[[ Source data open ]]

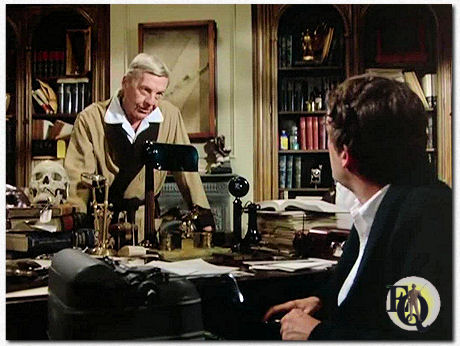 De tv-reeks "Ellery Queen" uit 1975 - 1976 met Richard Queen en Ellery in hun woonkamer.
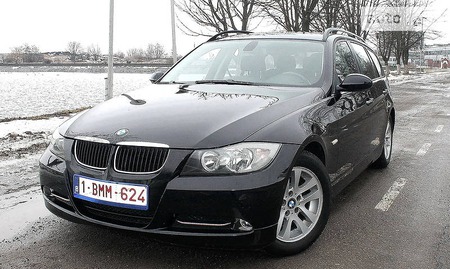 BMW 318 2008  випуску Івано-Франківськ з двигуном 2 л дизель універсал механіка за 8950 долл. 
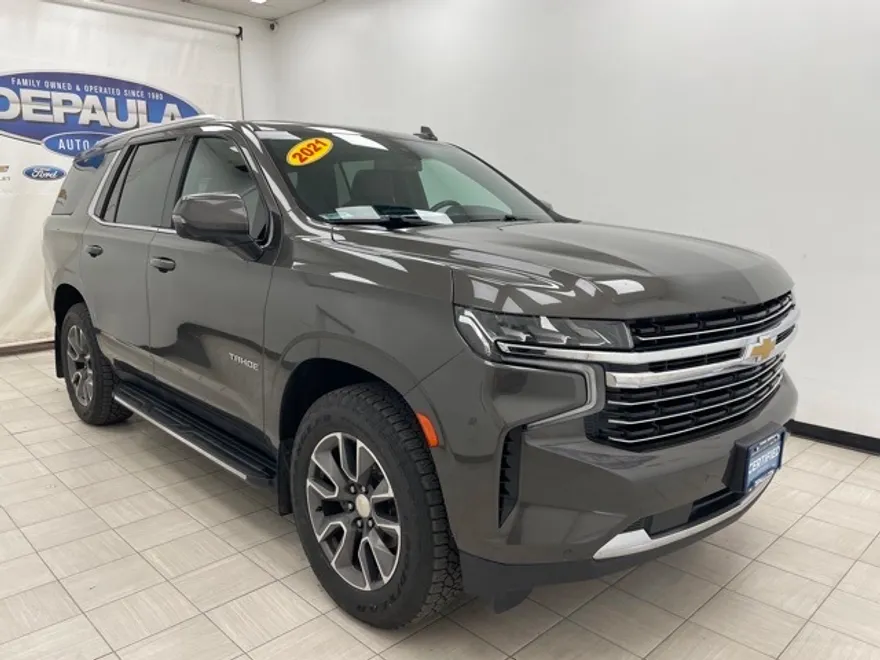 2021 Chevrolet Tahoe LT photo 1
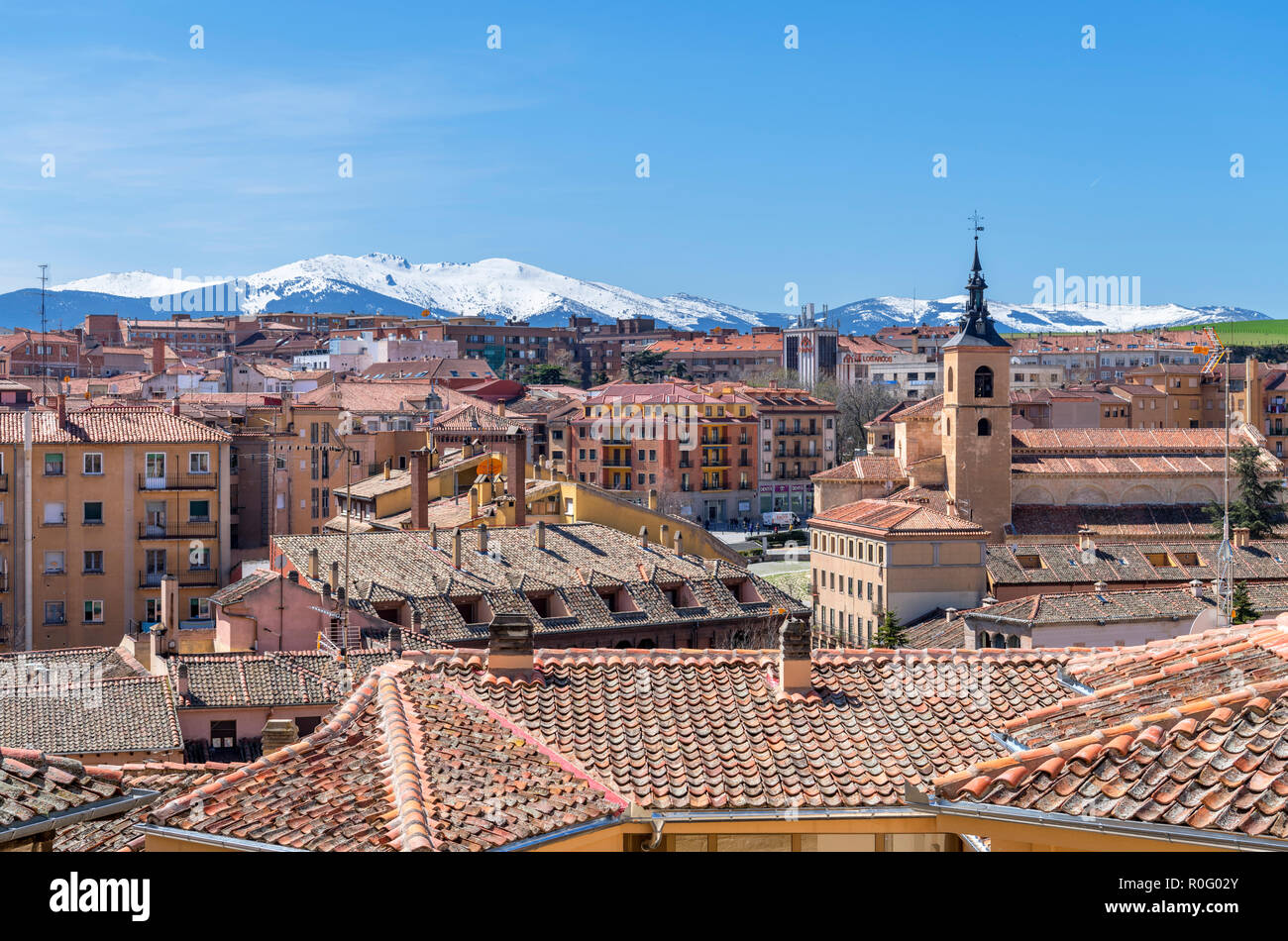 Blick über die Dächer der Altstadt auf die schneebedeckten Berge, Segovia, Castilla y Leon, Spanien Stockfoto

[[ Source data closed ]]

**What is needed**
The lines from the one containing "BMW 318 2008" through the last line above are to be repeated exactly, and only those. Any pictures must be left out.

**Task solution**
 BMW 318 2008  випуску Івано-Франківськ з двигуном 2 л дизель універсал механіка за 8950 долл. 
 2021 Chevrolet Tahoe LT photo 1
 Blick über die Dächer der Altstadt auf die schneebedeckten Berge, Segovia, Castilla y Leon, Spanien Stockfoto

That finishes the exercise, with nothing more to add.